Tukerization is an informal writing term derived from the name of science fiction and mystery writer Wilson Tucker. Tucker had a reputation for using friends, family, and colleagues as minor characters in his stories. The more formally recognized roman à clef is the depiction of a real person as a fictional character.
To a certain extent, all writers do both. Usually characters are built from bits and pieces borrowed from real people. A practice of mixing Uncle Jeff's fondness for bad puns and the grocery store cashier's extensive collection of mismatched earrings with your father-in-law's ridiculous political views to create a minor character who drives your protagonist crazy on a long bus ride causing the bad mood that leads to the argument that triggers a divorce/fistfight/murder/runaway. But sometimes the guy you need to shuffle onstage and make the offhand remark that enables your protagonist to solve the mystery lives next door, literally. A quick sentence about sly eyes and a stutter that rings true can seamlessly save a character who's really a prop from looking like a cardboard cutout.

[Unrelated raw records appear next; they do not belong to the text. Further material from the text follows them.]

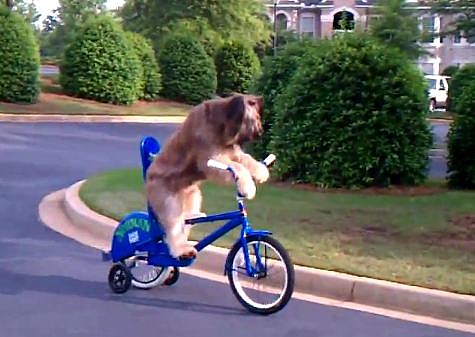 Norman rides a bike Norman rides a bike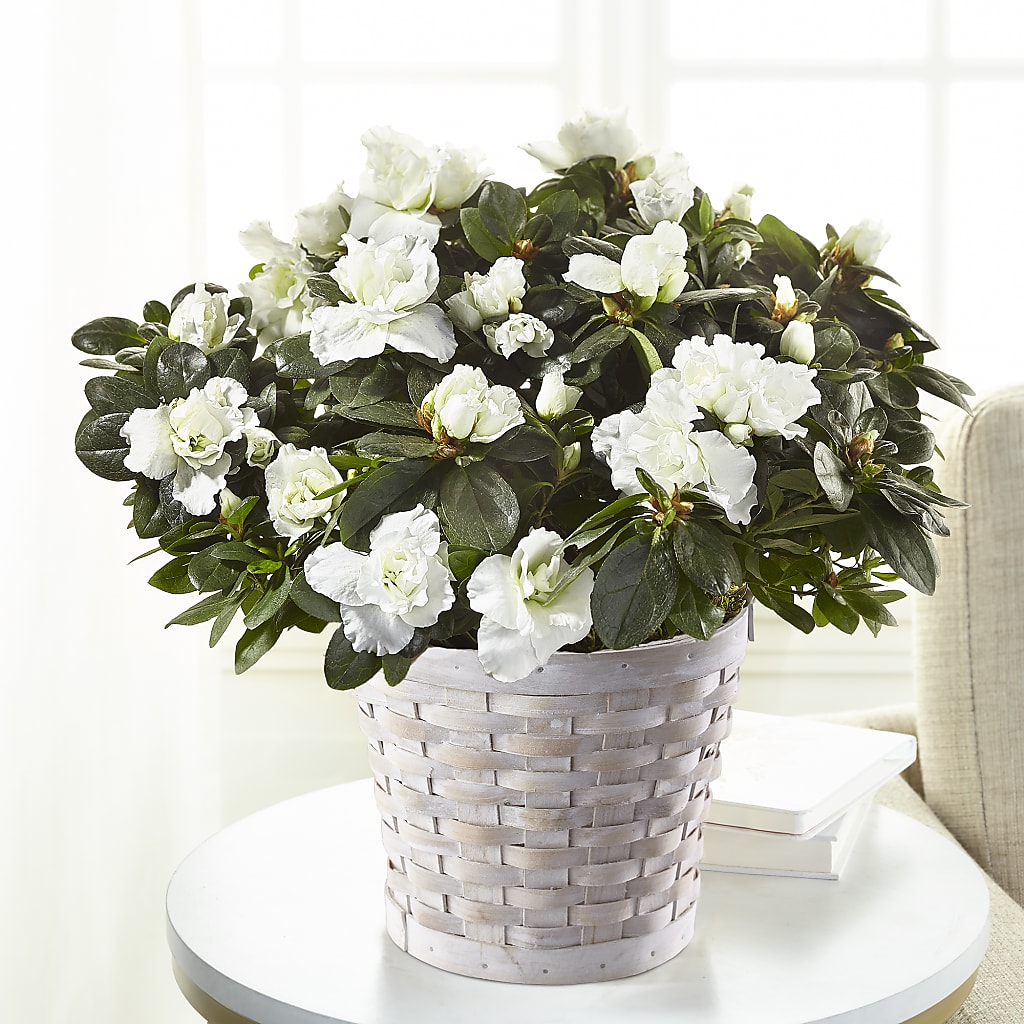 White Azalea Plant – Deux Gars Des Fleurs, Sorel PQ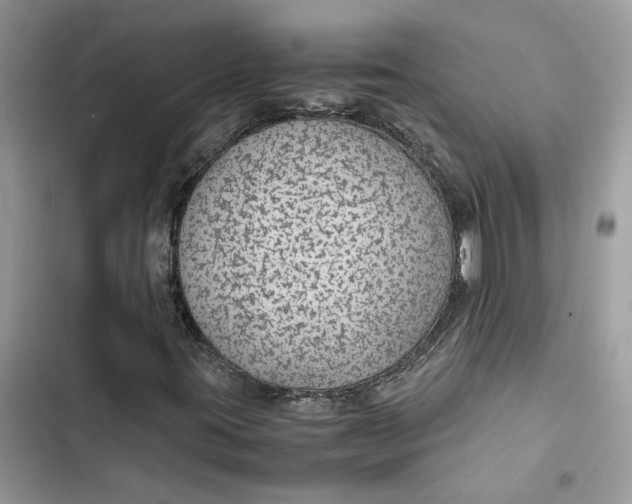 X0000103411395200810031236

To be Tuckerized is considered an honor among science fiction fans. Top selling authors have helped charities by auctioning the right to appear in a novel. But more often the inclusion is an in-joke. At one point in Keith DeCandido's novelization of "Resident Evil," the characters find themselves on "Killiany Way" – described as a winding road that leads nowhere. I've used the names of my children, members of my church, even a couple of my fellow novelnauts to round out my cast over the years. Dayton Ward likes to kill people he doesn't like in his stories. I now of one writer who gave the name of his wife's divorce attorney to a disfigured pedophile.
Done correctly, neither a Tuckerization nor a roman à clef will distract a reader from the story. In many cases a roman à clef will not be apparent to the reader until they're reflecting on the story after the fact. Tuckerizations usually escape notice altogether unless the reader knows the people involved. But done badly – and both are done badly far too often – either can throw the reader right out of the story. It can break the trust between reader and writer and cost you your reader's willing suspension of disbelief.
How about you? As a reader have you ever wondered whether the characters in a novel were based on real people? Or have you ever had a writer's roman à clef or Tuckerizations distract you from a story? Or enhance a story?
And as a writer have you ever "borrowed" someone you know – if only just their name – to add verisimilitude to your work?